→ Task: Retype the data below exactly, skipping pictures.

→ Provided information:

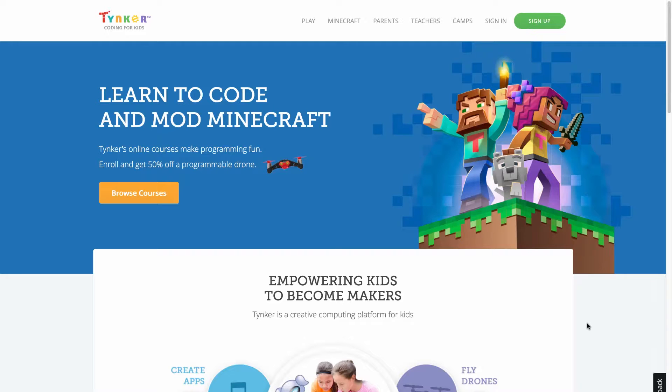This video will show you how to set up your Tinker account with Minecraft. First, you need to know this process requires both a Tinker account and a Minecraft account to get started.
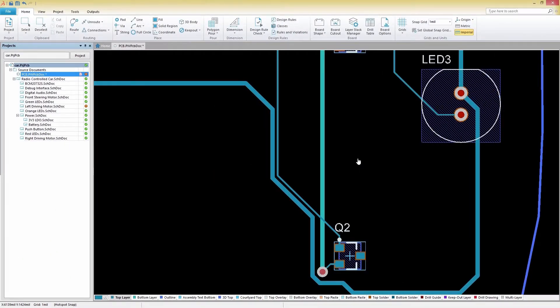In this video, we'll be showing you how to easily stay in compliance with your specific manufacturing constraints with the use of design rules.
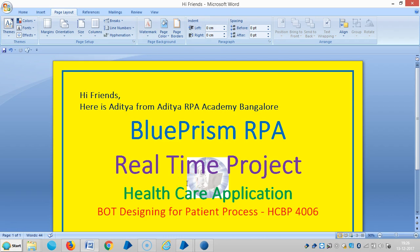Hi friends, here is the idea from my tip on Bangalore. We are continuing with a healthcare application — we are designing a patient process. In the last video we saw how to download data from an Excel worksheet to a collection in Blue Prism. In this video we are going to see how to map the data from a collection to Blue Prism elements in a business object.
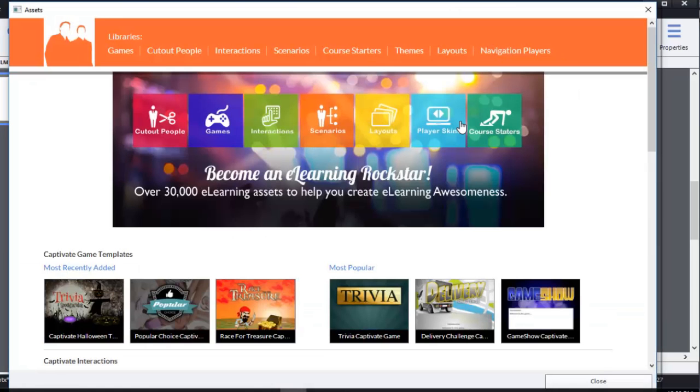And as you can see, there are 30,000 e-learning assets that you get just for having Adobe Captivate 9. No additional purchase necessary from the eLearning Brothers.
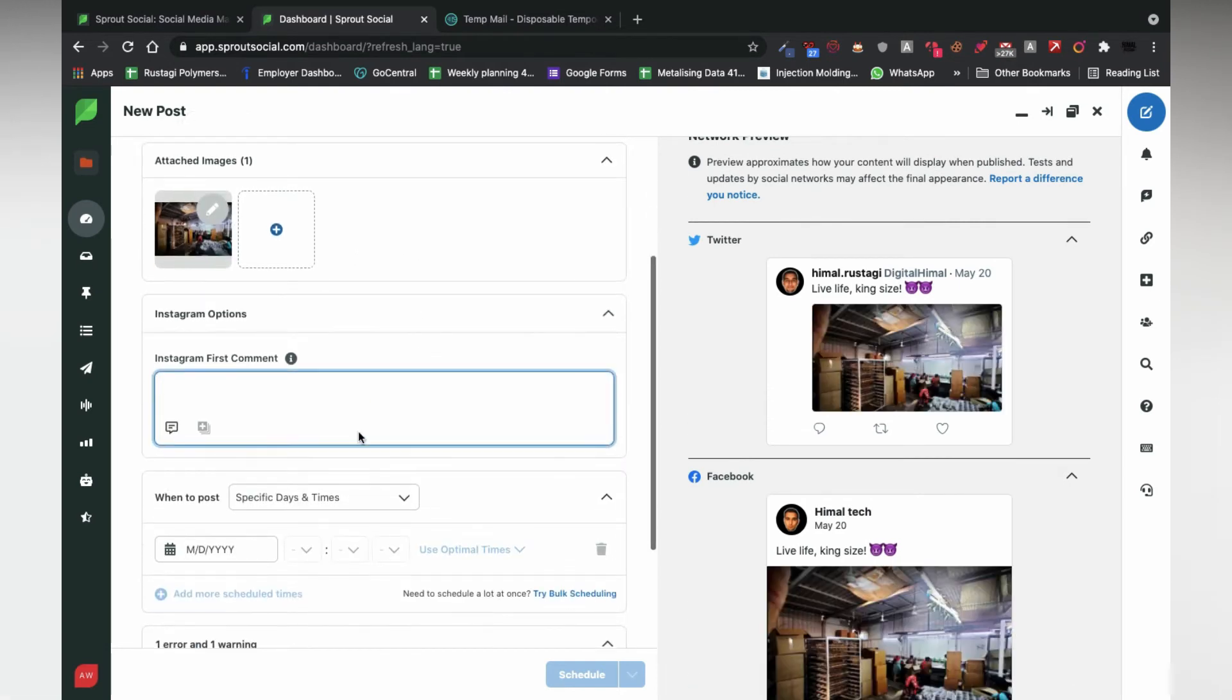Pretty good, isn't it? You can also add the Instagram first comment for the post.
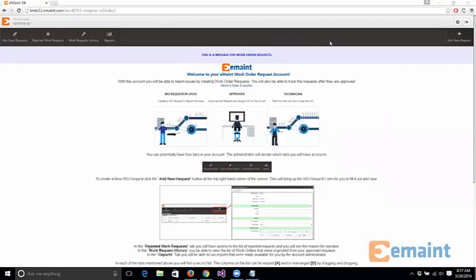Hello, here at eMate we are proud to introduce the brand new eMate work request module that is available in the X4 interface. What I'm going to go over in this video is some of the new enhancements and features that exist in this new request module.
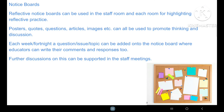The final way to document your reflective practices is through notice boards. Reflective notice boards can be used in the staff room and each classroom for highlighting reflective practice. Posters, quotes, questions, articles, and images can all be used to promote thinking and discussion. Each week, a question can be added to the notice board where educators can write their comments and responses. Further discussions can be supported in the staff meeting.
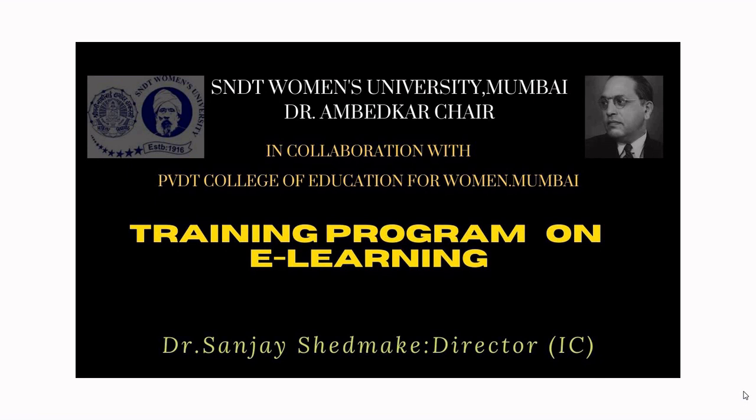Hello all, welcome to this training program on e-learning by SNDT Women's University Mumbai, Dr. Ambedkar Chair, in collaboration with PVDT College of Education for Women, Mumbai.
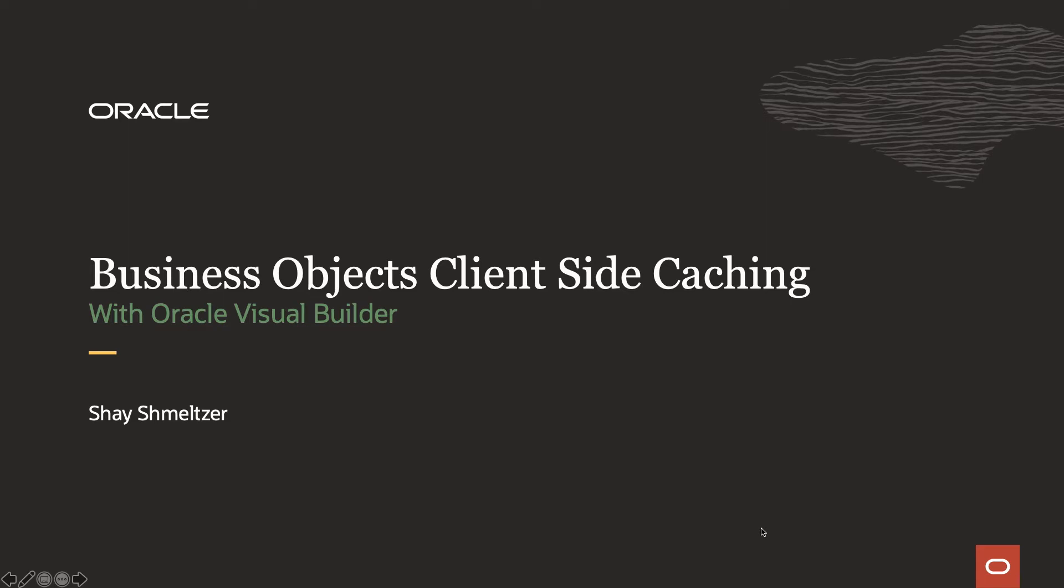Hi, my name is Shai Schmelzer. Welcome to this demonstration of how to implement business object client-side caching with Oracle Visual Builder.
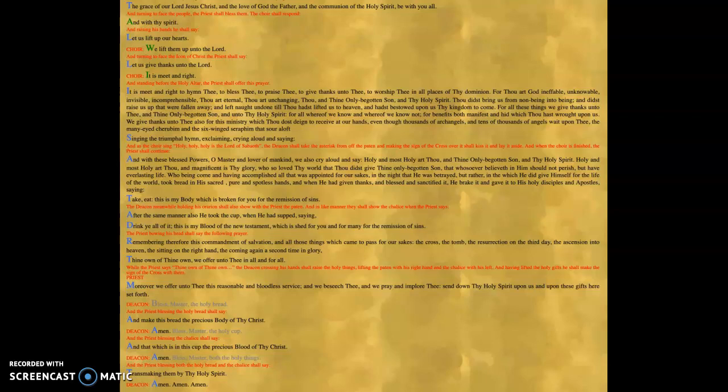And then there is the beginning of the Eucharistic prayer, this short little prayer. And with these blessed powers, O Master and Lover of mankind, we also cry aloud and say, Holy and most holy art thou and thine only begotten Son and thy Holy Spirit.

→ Exercise answer:
This video will show you how to set up your Tinker account with Minecraft. First, you need to know this process requires both a Tinker account and a Minecraft account to get started.
In this video, we'll be showing you how to easily stay in compliance with your specific manufacturing constraints with the use of design rules.
Hi friends, here is the idea from my tip on Bangalore. We are continuing with a healthcare application — we are designing a patient process. In the last video we saw how to download data from an Excel worksheet to a collection in Blue Prism. In this video we are going to see how to map the data from a collection to Blue Prism elements in a business object.
And as you can see, there are 30,000 e-learning assets that you get just for having Adobe Captivate 9. No additional purchase necessary from the eLearning Brothers.
Pretty good, isn't it? You can also add the Instagram first comment for the post.
Hello, here at eMate we are proud to introduce the brand new eMate work request module that is available in the X4 interface. What I'm going to go over in this video is some of the new enhancements and features that exist in this new request module.
The final way to document your reflective practices is through notice boards. Reflective notice boards can be used in the staff room and each classroom for highlighting reflective practice. Posters, quotes, questions, articles, and images can all be used to promote thinking and discussion. Each week, a question can be added to the notice board where educators can write their comments and responses. Further discussions can be supported in the staff meeting.
Hello all, welcome to this training program on e-learning by SNDT Women's University Mumbai, Dr. Ambedkar Chair, in collaboration with PVDT College of Education for Women, Mumbai.
Hi, my name is Shai Schmelzer. Welcome to this demonstration of how to implement business object client-side caching with Oracle Visual Builder.
And then there is the beginning of the Eucharistic prayer, this short little prayer. And with these blessed powers, O Master and Lover of mankind, we also cry aloud and say, Holy and most holy art thou and thine only begotten Son and thy Holy Spirit.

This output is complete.